-------- Provided entries

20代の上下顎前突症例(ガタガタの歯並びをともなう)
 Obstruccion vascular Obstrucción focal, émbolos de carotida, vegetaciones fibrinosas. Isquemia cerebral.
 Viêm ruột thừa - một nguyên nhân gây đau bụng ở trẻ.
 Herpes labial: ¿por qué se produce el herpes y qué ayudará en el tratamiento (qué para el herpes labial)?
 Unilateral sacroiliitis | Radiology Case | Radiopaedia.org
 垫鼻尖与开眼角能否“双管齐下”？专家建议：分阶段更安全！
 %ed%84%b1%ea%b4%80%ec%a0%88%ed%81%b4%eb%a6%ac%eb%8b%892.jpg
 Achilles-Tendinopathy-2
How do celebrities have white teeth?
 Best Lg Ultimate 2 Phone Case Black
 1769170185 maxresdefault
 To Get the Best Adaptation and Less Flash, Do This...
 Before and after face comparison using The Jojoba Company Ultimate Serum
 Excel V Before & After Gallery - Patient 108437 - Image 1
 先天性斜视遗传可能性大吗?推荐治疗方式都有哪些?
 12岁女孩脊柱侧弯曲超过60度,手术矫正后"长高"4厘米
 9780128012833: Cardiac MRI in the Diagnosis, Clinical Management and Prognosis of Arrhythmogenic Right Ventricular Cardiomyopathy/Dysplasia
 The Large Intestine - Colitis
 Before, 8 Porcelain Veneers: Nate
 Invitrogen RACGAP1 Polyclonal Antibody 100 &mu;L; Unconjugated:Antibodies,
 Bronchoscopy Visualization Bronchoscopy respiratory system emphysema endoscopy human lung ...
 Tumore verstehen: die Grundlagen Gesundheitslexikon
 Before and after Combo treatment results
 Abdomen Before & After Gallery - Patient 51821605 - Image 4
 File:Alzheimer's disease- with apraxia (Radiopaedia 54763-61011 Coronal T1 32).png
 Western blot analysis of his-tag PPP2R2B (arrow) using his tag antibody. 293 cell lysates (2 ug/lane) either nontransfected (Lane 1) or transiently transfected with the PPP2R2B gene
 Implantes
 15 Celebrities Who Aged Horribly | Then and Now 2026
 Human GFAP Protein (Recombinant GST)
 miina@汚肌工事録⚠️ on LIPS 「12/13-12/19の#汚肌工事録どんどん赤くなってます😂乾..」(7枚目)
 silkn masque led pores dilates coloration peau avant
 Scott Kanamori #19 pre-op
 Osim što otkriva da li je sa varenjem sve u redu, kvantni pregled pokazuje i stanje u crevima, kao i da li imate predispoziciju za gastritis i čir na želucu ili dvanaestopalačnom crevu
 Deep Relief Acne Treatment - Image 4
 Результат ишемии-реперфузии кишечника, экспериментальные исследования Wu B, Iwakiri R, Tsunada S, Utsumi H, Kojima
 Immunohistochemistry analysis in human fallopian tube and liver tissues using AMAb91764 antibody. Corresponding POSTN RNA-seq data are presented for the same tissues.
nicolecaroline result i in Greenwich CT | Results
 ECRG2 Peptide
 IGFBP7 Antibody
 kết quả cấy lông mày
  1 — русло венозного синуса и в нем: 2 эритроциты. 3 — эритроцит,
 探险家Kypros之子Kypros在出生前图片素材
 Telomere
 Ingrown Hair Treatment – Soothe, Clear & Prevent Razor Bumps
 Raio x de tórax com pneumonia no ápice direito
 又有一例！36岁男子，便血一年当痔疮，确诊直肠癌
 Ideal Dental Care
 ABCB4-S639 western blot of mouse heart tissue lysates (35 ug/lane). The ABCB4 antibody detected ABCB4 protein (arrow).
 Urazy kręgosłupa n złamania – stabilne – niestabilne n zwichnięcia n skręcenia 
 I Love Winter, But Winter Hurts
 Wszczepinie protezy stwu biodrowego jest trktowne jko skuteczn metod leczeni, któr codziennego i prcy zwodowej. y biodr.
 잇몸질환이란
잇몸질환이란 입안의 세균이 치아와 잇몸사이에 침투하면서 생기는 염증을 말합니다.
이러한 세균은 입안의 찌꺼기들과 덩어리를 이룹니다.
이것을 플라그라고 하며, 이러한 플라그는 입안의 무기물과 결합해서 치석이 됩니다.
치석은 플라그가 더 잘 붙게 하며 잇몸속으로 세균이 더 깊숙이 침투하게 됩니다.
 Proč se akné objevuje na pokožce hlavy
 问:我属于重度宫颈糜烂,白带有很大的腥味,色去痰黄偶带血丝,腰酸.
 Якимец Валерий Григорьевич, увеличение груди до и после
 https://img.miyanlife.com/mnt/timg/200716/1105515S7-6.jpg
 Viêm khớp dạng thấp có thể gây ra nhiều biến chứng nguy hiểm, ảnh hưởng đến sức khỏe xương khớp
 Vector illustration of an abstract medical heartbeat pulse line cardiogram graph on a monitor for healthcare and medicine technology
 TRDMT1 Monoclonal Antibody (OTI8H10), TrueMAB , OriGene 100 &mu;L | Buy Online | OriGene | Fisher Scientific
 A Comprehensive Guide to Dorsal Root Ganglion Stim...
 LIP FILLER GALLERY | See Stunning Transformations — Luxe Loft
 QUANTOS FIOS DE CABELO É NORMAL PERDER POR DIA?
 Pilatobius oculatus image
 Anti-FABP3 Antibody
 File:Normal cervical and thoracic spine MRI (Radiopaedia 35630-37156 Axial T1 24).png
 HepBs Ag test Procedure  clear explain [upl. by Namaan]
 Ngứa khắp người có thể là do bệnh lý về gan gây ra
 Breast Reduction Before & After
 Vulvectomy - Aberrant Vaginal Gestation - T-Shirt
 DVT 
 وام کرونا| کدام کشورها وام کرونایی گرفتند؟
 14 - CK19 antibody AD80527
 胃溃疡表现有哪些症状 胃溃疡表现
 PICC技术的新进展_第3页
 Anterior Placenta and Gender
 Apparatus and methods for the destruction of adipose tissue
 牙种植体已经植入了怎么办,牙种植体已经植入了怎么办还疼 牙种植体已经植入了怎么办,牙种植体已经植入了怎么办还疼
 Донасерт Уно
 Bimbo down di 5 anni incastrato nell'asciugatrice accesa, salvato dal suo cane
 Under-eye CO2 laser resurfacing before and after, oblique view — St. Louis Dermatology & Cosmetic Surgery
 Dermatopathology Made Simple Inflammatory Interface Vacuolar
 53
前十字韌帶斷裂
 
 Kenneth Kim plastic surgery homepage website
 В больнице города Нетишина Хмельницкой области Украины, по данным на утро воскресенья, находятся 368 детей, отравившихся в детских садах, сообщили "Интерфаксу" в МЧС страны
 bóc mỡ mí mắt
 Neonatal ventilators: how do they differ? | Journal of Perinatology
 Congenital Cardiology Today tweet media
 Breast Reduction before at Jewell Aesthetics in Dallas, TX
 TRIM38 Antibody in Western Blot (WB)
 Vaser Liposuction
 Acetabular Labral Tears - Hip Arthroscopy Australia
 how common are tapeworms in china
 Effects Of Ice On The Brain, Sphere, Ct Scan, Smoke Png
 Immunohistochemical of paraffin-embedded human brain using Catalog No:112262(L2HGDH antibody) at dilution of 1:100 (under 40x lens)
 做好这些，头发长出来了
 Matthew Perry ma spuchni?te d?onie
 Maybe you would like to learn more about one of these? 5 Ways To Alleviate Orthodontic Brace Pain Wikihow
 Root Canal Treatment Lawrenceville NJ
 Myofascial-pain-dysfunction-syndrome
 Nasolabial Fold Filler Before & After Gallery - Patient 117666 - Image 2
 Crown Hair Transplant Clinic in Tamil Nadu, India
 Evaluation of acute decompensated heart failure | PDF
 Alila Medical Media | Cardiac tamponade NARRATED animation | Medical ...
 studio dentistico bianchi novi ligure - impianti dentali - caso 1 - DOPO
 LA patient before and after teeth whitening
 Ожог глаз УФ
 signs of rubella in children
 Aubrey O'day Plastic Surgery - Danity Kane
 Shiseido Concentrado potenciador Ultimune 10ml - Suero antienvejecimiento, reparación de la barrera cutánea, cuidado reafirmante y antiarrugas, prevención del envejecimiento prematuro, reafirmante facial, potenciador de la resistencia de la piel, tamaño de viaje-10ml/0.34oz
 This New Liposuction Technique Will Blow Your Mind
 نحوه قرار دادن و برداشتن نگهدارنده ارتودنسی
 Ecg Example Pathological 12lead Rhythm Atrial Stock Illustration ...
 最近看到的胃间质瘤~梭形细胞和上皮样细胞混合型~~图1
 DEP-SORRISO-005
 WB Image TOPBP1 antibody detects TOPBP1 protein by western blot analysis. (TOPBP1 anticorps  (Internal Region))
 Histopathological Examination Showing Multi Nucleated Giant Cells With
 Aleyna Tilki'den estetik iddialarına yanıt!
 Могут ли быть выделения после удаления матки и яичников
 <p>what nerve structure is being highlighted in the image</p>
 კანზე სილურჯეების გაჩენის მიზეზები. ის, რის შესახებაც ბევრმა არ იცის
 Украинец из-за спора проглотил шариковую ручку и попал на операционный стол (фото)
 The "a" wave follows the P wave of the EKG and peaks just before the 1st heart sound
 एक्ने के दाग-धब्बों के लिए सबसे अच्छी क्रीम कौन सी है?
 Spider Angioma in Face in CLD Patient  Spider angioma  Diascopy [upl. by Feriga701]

----------------

Begin at the line that has "Excel V Before" in the entries above; stop after the line that has "15 Celebrities Who". Transcribe exactly those lines and no others.

 Excel V Before & After Gallery - Patient 108437 - Image 1
 先天性斜视遗传可能性大吗?推荐治疗方式都有哪些?
 12岁女孩脊柱侧弯曲超过60度,手术矫正后"长高"4厘米
 9780128012833: Cardiac MRI in the Diagnosis, Clinical Management and Prognosis of Arrhythmogenic Right Ventricular Cardiomyopathy/Dysplasia
 The Large Intestine - Colitis
 Before, 8 Porcelain Veneers: Nate
 Invitrogen RACGAP1 Polyclonal Antibody 100 &mu;L; Unconjugated:Antibodies,
 Bronchoscopy Visualization Bronchoscopy respiratory system emphysema endoscopy human lung ...
 Tumore verstehen: die Grundlagen Gesundheitslexikon
 Before and after Combo treatment results
 Abdomen Before & After Gallery - Patient 51821605 - Image 4
 File:Alzheimer's disease- with apraxia (Radiopaedia 54763-61011 Coronal T1 32).png
 Western blot analysis of his-tag PPP2R2B (arrow) using his tag antibody. 293 cell lysates (2 ug/lane) either nontransfected (Lane 1) or transiently transfected with the PPP2R2B gene
 Implantes
 15 Celebrities Who Aged Horribly | Then and Now 2026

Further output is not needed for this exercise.